< Go back to news listing

Pact Pride: James Burstall – CEO, Argonon

To coincide with Pride Inside – an online festival of events and activities celebrating the LGBTQ+ community – we decided to ask some of our LGBTQ+ members to reflect on how the TV industry is doing on LGBTQ+ inclusion, let us know what’s happening within their own indies, and to offer their top queer picks for some lockdown viewing…

James Burstall
CEO, Argonon Group

James Burstall is CEO of Argonon, the independent production group that creates and distributes creative content across multiple platforms for the global marketplace and is responsible for shows including House Hunters International, Mormon Love and An Englishman in New York. Founded by James in 2011, Argonon now encompasses twelve companies and businesses throughout the UK, the US and Canada.

Pride is an important political statement and a celebration. It is a time to remind ourselves that we believe in a fair, just society where all are equal.

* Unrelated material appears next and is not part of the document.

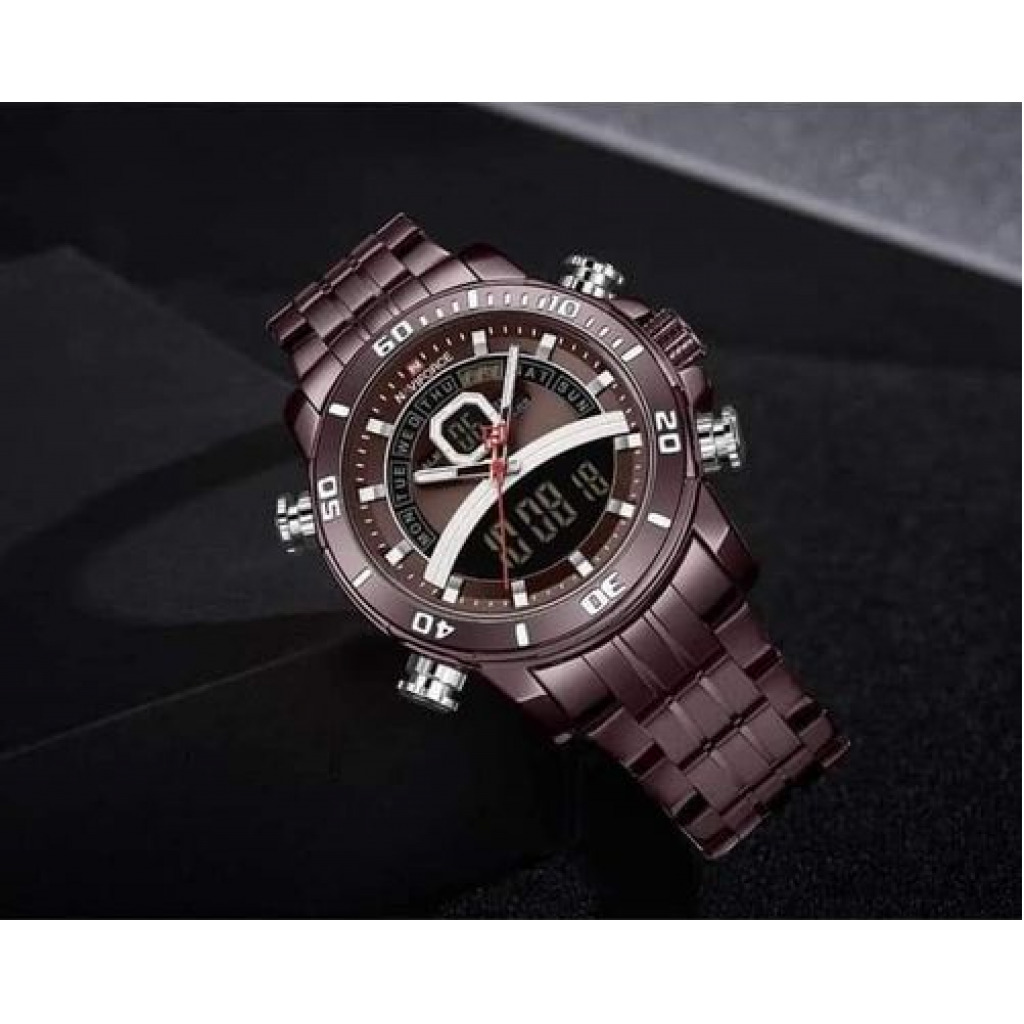 Naviforce Luxury Stainless Steel Men's Waterproof Watch - Brown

Q. What has your experience been as an LGBTQ+ person working in the industry?

I have always felt a real sense of openness in this industry and a rich diverse culture. That is one of the reasons I joined it in the first place.

There are a few corners of unenlightened thinkers, still, and there is more work to be done on diversity on and off screen. The Black Lives Matter protests have spurred us on, which is a good thing. I believe we will make significant changes in the coming months.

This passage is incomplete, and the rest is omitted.